Friday, December 19, 2014

Night at the Museum: Secret of the Tomb

Review by Bob Ignizio

You probably shouldn't expect too much out of the third installment in a corporate kiddie franchise like NIGHT AT THE MUSEUM: SECRET OF THE TOMB. Those low expectations combined with sad recent events involving one of the film's supporting players, Robin Williams, come together to give what might otherwise have been a throwaway scene some genuine emotional impact. If you don't tear up at least a little bit when Williams, as Teddy Roosevelt, gives his farewell speech, your heart must be made of stone.

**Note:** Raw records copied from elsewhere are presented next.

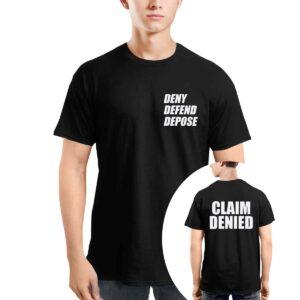 Deny Defend Depose Claim Denied Shirt Deny Defend Depose Claim Denied Shirt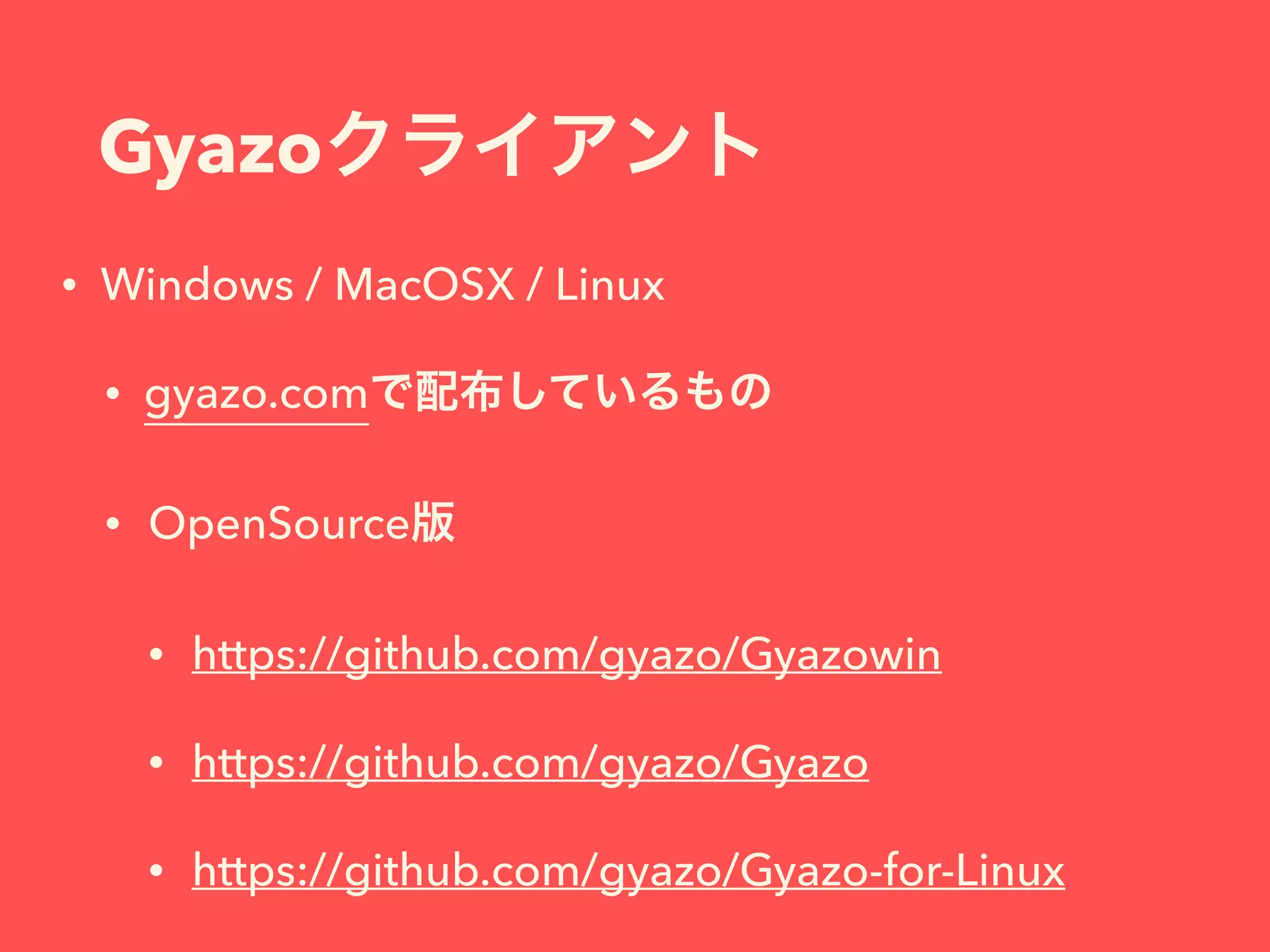 Gyazoクライアント
• Windows / MacOSX / Linux
• gyazo.comで配布しているもの
• OpenSource版
• https://github.com/gyazo/Gyazowin
• https://github.com/gyazo/Gyazo
• https://github.com/gyazo/Gyazo-for-Linux
 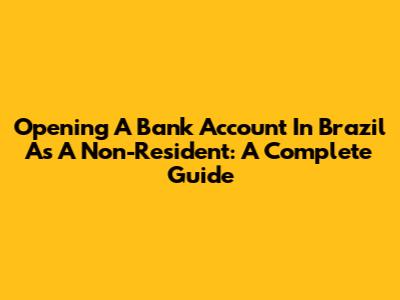 Opening A Bank Account In Brazil As A Non-Resident: A Complete Guide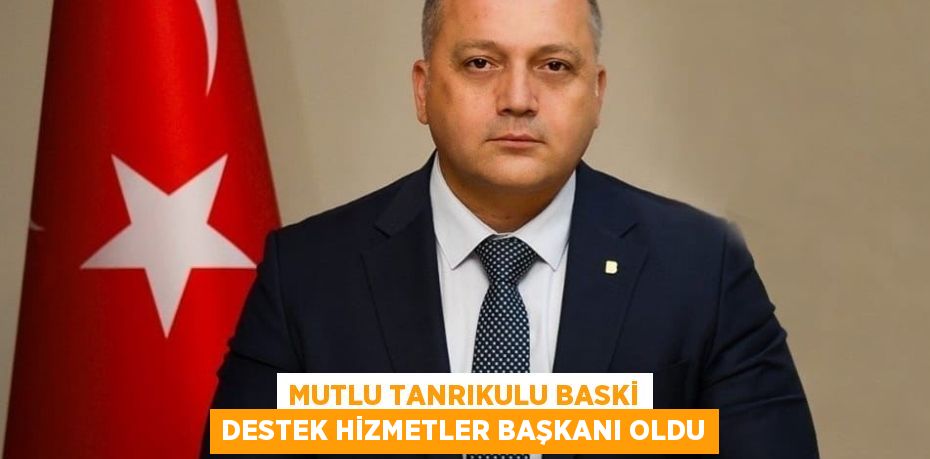 MUTLU TANRIKULU BASKİ DESTEK HİZMETLER BAŞKANI OLDU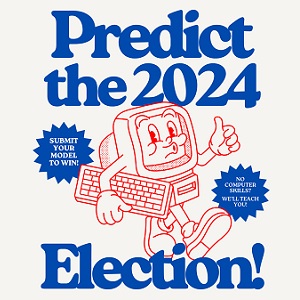  Predict the 2024 Election!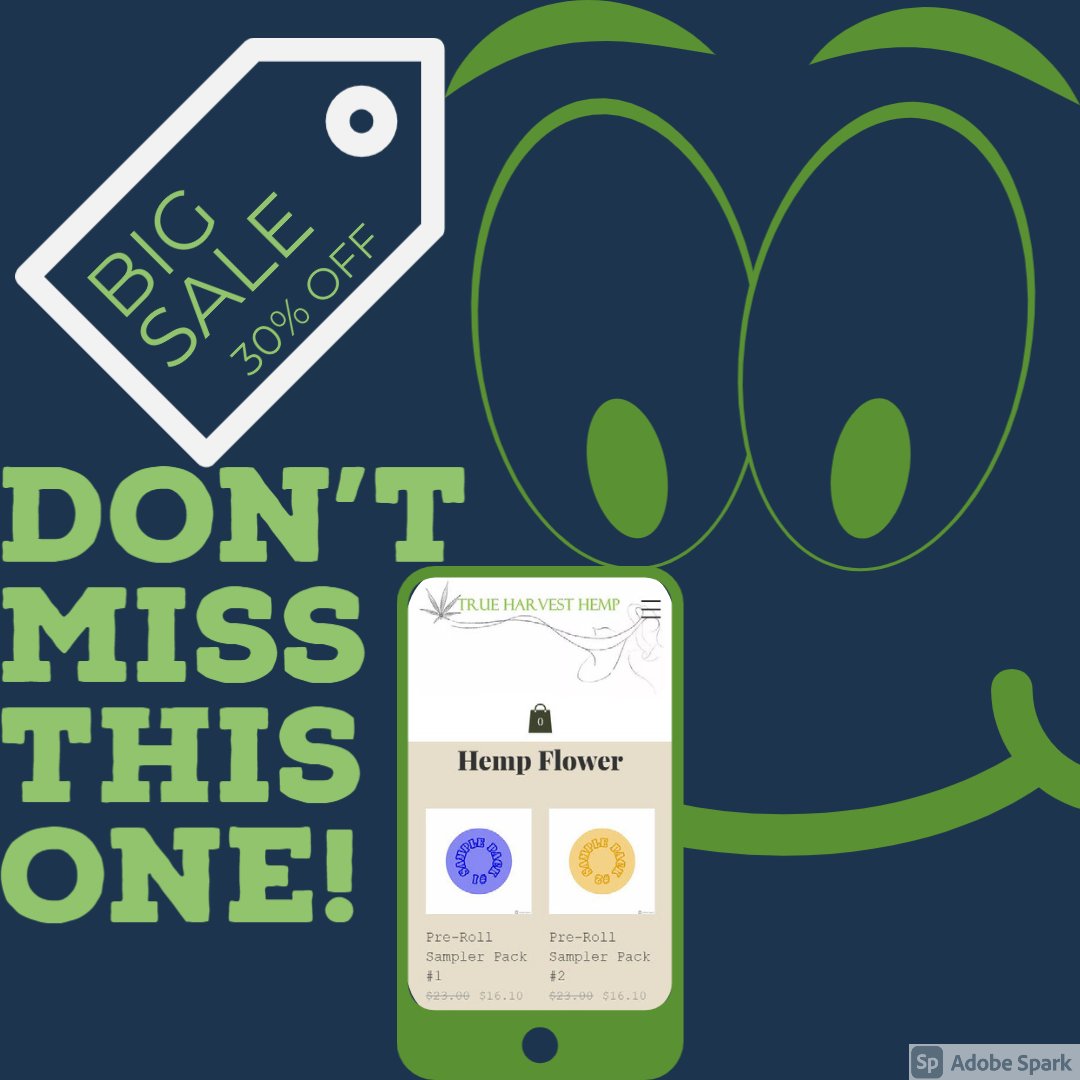 harvest_true's tweet photo. Big Sale going on right now! ALL Hemp Flower is 30% off! How can you let this pass? I dare you to come to check it out. If you are new to hemp, this is the way to go. Convenient and affordable....just go for it! #hemphelps #hemplife #cannacommunity #trueharvesthemp #infoinbio https://t.co/sgLmWwCxkH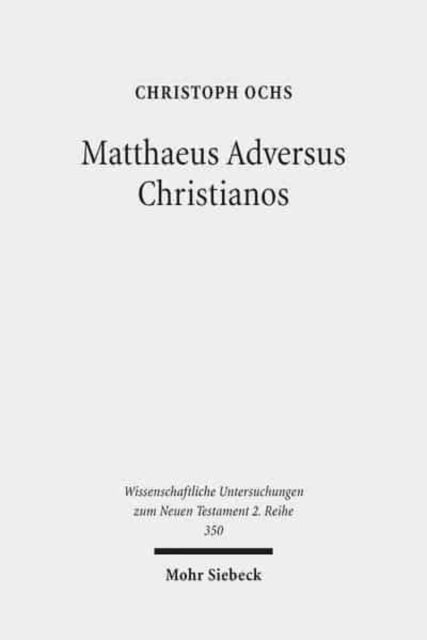 Matthaeus Adversus Christianos: The Use of the Gospel of Matthew in Jewish Polemics Against the Divinity of Jesus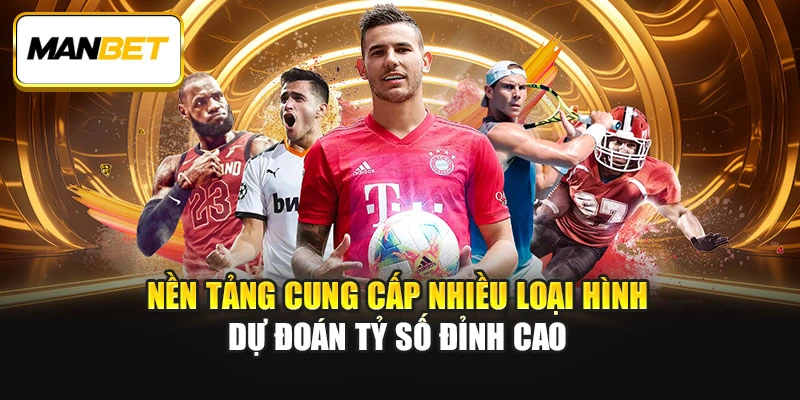 Nền tảng cung cấp nhiều loại hình dự đoán tỷ số đỉnh cao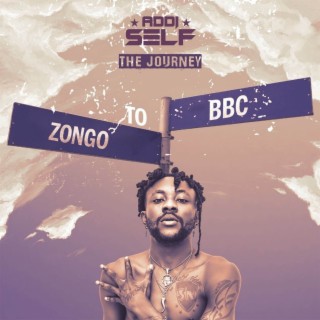 The Journey (Zongo To BBC)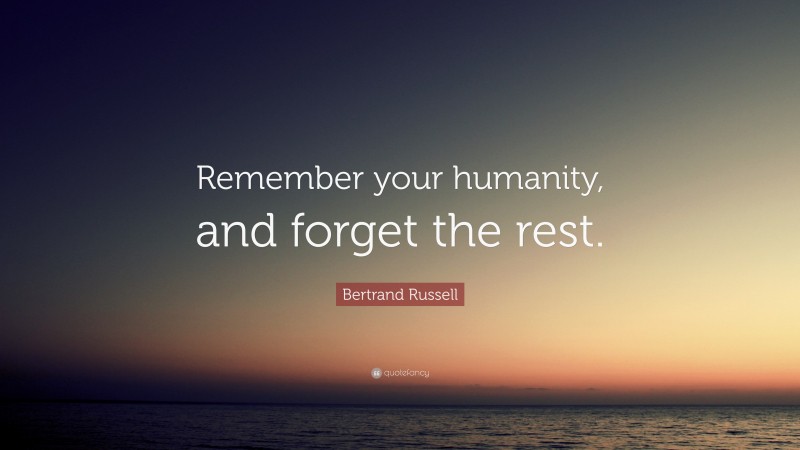 Bertrand Russell Quote: “Remember your humanity, and forget the rest.”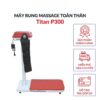 Máy rung bụng đứng Titan P300 2 Máy rung bụng đứng Titan P300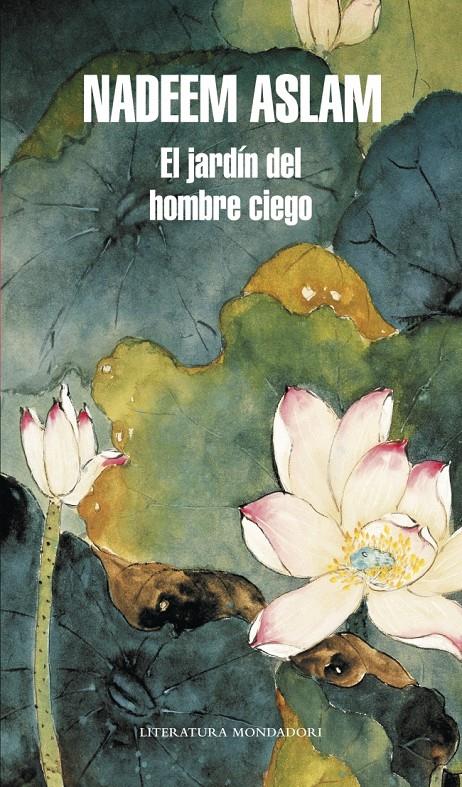 EL JARDÍN DE UN HOMBRE CIEGO | 9788439727095 | ASLAM,NADEEM | Llibreria Ombra | Llibreria online de Rubí, Barcelona | Comprar llibres en català i castellà online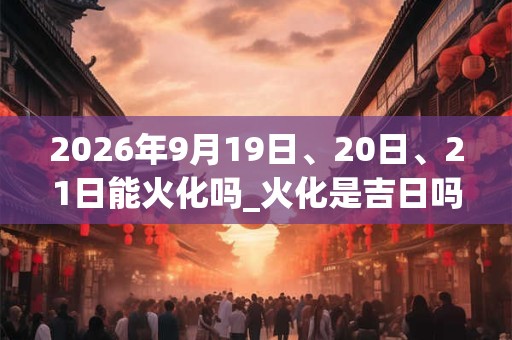 2026年9月19日、20日、21日能火化吗_火化是吉日吗 2026年9月19日、20日、21日能火化吗_火化是吉日吗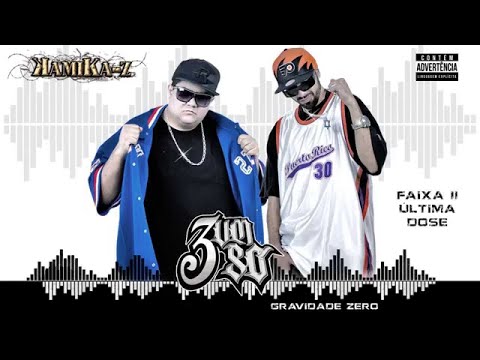 3 Um Só - Última Dose (ft. Tribo da periferia)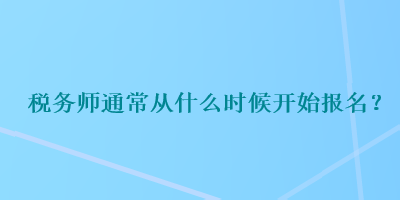 稅務(wù)師通常從什么時(shí)候開始報(bào)名？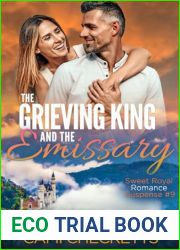 The Grieving King and the Emissary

The plot this time around finds the magic tablet that allows the exhibits in the American Museum of Natural History to come to life losing its power thanks to some kind of mystical tarnish. To find out what's wrong, museum guard Larry (Ben Stiller) sets off to the British Museum at the suggestion of Ahkmenrah (Rami Malek). The young pharaoh believes his father Merenkahre (Ben Kingsley), on display at the other museum, will know what to do.


Other exhibits coming along for the trek are Teddy Roosevelt (Williams) pint-sized cowboy Jedadiah (Owen Wilson) and diminutive Roman Octavius (Steve Coogan), Attilla the Hun (Patrick Gallagher), and Sacagawea (Mizuo Peck). Larry's teenage son Nicky (Skyler Gisondo) also tags along, as does one of the museum's Neanderthals, Laa (Stiller again), who believes Larry to be his father. Oh yeah, also the monkey who likes to pee on people, because that never gets old.

At the British Museum, Larry meets his female counterpart Mindy (Rebel Wilson). And since the magic tablet has come along with Larry and the gang, the exhibits in the new museum come to life as well, most notably Sir Lancelot (Dan Stevens, of Downton Abbey fame).

SECRET OF THE TOMB is, like its predecessors, a serviceable family-friendly comedy. It probably exceeds the legal amount of monkey urination jokes allowed per film, but the target audience of 8 year olds won't mind. There's a moral about kids and dads learning to trust and respect each other, and I suppose some kids might be inspired to delve into some actual history or at least visit their local museum. Nothing amazing, but if nothing else it proves a respectable swan song for Robin Williams. 2 out of 4 stars.